> _Extracted records_
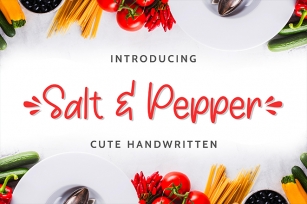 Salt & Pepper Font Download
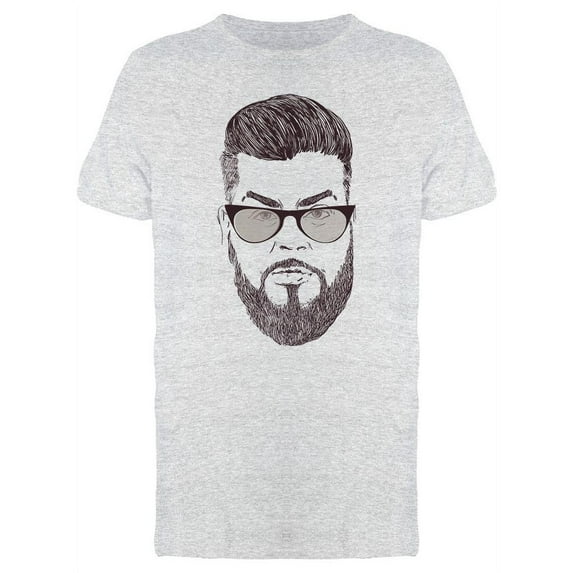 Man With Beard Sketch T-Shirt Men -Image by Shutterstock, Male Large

---

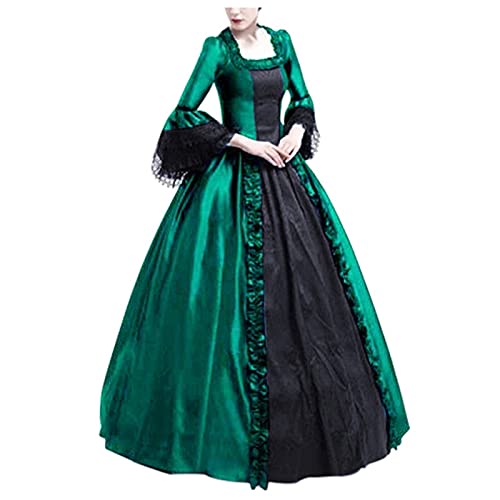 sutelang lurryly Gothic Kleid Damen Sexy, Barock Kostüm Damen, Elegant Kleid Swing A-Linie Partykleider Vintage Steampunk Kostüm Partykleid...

> _Task brief_
Would you give again, exactly, the lines in the data above that run from the line containing "Salt & Pepper Font Download" to the line containing "Man With Beard"? Include both ends and no pictures.

> _Answer for the task_
 Salt & Pepper Font Download
 Man With Beard Sketch T-Shirt Men -Image by Shutterstock, Male Large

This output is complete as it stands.